*** Data for this task

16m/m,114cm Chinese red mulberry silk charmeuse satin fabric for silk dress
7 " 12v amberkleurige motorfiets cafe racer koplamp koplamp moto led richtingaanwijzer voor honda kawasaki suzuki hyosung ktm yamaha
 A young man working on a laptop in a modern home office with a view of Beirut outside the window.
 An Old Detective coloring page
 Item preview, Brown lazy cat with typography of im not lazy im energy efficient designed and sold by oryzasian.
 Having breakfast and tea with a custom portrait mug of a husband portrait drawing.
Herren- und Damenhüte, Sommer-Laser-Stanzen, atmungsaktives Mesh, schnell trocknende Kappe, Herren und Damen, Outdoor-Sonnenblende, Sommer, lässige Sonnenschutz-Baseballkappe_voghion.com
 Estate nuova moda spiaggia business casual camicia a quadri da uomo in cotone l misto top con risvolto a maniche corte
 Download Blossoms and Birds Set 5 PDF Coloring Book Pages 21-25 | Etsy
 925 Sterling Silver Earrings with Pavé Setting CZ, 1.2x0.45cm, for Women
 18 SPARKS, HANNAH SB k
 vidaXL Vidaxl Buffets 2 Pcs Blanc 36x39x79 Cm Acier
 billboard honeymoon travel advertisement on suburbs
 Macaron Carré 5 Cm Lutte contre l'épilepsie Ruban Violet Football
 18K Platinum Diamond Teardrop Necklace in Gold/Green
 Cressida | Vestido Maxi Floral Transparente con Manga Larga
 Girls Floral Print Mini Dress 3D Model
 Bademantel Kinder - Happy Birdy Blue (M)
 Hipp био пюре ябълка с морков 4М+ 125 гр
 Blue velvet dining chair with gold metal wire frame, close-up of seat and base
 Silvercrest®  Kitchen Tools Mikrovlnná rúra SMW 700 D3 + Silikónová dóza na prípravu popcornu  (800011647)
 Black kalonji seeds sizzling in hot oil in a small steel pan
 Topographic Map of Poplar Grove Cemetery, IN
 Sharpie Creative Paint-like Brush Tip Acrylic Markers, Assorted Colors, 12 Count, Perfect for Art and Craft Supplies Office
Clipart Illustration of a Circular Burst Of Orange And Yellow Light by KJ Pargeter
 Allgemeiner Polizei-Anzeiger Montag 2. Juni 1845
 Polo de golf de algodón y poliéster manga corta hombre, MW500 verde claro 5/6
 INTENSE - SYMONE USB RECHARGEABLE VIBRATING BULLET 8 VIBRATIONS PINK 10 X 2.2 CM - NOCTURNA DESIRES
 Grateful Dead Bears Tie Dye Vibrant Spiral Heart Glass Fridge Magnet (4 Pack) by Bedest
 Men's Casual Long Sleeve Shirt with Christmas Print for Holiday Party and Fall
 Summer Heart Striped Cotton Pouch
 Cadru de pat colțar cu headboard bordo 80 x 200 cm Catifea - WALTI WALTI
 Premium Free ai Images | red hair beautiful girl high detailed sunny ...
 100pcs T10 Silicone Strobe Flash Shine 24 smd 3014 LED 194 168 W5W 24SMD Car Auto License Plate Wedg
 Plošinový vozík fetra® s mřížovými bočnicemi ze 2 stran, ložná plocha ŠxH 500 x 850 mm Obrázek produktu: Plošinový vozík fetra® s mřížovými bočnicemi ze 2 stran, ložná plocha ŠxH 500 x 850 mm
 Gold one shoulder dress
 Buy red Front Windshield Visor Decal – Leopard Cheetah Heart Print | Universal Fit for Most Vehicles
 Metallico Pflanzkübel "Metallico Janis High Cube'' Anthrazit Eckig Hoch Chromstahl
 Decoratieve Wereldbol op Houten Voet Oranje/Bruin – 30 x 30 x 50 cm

******

**Problem requirements**
Every line above that contains the word "Heart" should be reported.

**Response to this exercise**
 Grateful Dead Bears Tie Dye Vibrant Spiral Heart Glass Fridge Magnet (4 Pack) by Bedest
 Summer Heart Striped Cotton Pouch
 Buy red Front Windshield Visor Decal – Leopard Cheetah Heart Print | Universal Fit for Most Vehicles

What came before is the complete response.